Further ensure, you have git installed in your device OS. If not you can install git by just using the following command:
sudo apt install git-all
-
Git clone the repository First step is to clone the whole repository.
git clone https://github.com/Achuthankrishna/head_pose_app
Get into the folder
cd head_pose_app
-
Build the Docker Image In the command line first execute:
docker -v
to check your docker version. Once done , execute the command below to build the container:
sudo docker build -t head_pose_app .
-
Start the Container To start the streamlit web application, run ( Debian Systems) :
sudo docker run --privileged -v /dev/video0:/dev/video0 -p 8501:8501 head_pose_app
This command then map the port 8501 of the container to port 8501 on your host machine.
-
Click the link on the terminal Last step is to either click on the link on terminal , else type
localhost:8501
on any browser on the system.
- Open your web browser and navigate to
http://localhost:85001
or click on the link presented on the terminal. - The user will be presented with a web interface given with instructions on how to nod and key analogies.
- Click on
Start
, to start the application, else if user is not feeling the moment to use the application, they can pressQuit App
to kill the process. - Read the question on the side bar and press on
Answer Question
to open the interface, else the user wants to skip question, they can pressChange Question
. - When pressed
Answer Question
, a countdown will be presented to the user , upon which the camera frame opens up for their response. - The software first records the interaction in a 3 second window. If the detector can't detect any proper sign, it will keep prompting the user to re-record their interaction.

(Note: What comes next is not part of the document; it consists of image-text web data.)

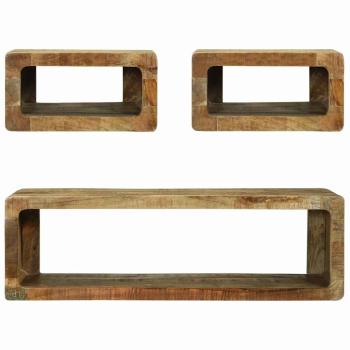 3-teiliges TV-Schrank Set Massivholz Grobes Mango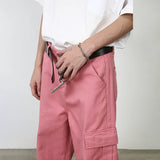Riolio Pink Cargo Jeans Pants Men Oversize Wide Leg Denim Trousers Male Loose Casual Japanese Streetwear Hip Hop Pocket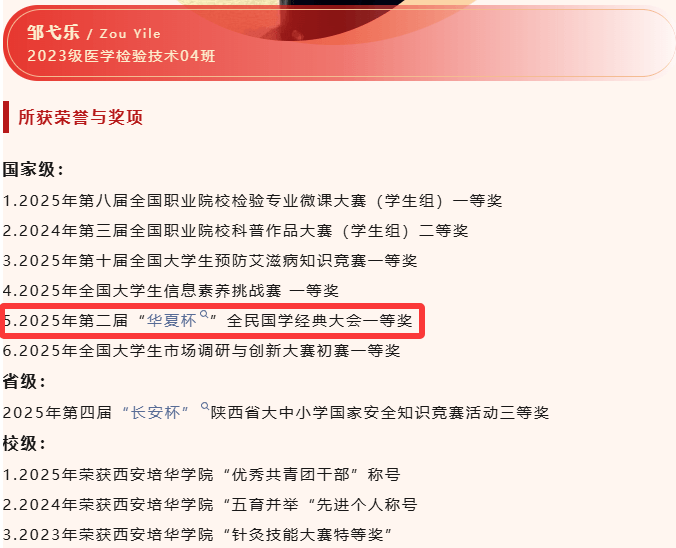 获奖者荣获国家奖学金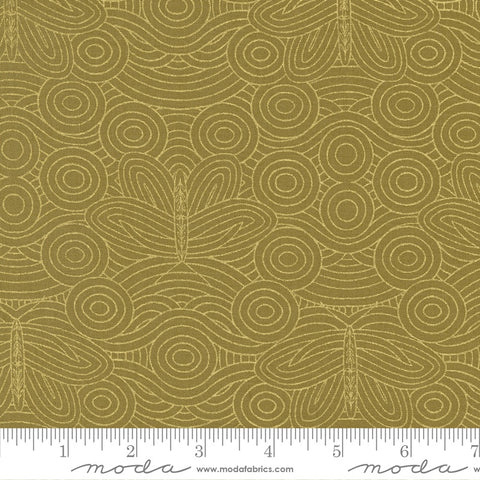 Moda Gingiber Meadowmere Butterfly In the Sky Ochre Metallic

- At any point of time user can skip to the next question pressing
Change Question
button or can quit the app pressingQuit App
. Once the user answers the given question, the detector presents the output. - The user can either choose to re-answer if they're not satisfied with the detection , else can press continue to log their interaction for the question.
- Upon completing all Questions, the webapp will present the option of either to restart from first or quit the application. On presseing
Restart
the application starts recording response from the first question.
- The detection algorithm is majorly functioning on majority action recorded for the frame time. These actions are decided by first obtaining facial landmarks using mediapipe blendshape and FaceMeshV2 model.
- The obtained facial landmarks are indexed and I chose the nasal index and the extreme cheekbone index, which can be viewed from this image
- From the obtained indices, we record all 3d and 2d locations of the landard for each frame and use PnPSolver to get rotation and translation vector. Further we obtain rotation matrices using Rodrigues formula.
- Based on the Euler angles, the I classifies the predominant motion of the face. If the rotation about the y-axis (y) is significant (beyond a threshold), it indicates looking left or right. If the rotation about the x-axis (x) is significant, it indicates looking up or down. Otherwise, the face is considered to be facing forward.
- Then we count the occurrences of different types of motions and identify the predominant motion over the 3 second frame.Based on the predominant motion, the function returns the response, categorizing it as "Yes", "No", or "Undetermined" .
- If user encounter any issues with the video recording, ensure your Docker is configured correctly. The application is best developed for a debian device where camera device ID is accessible and not truncated.
- Any issues with dependency versions, refer to
requirements.txt
and adjust the package versions if necessary.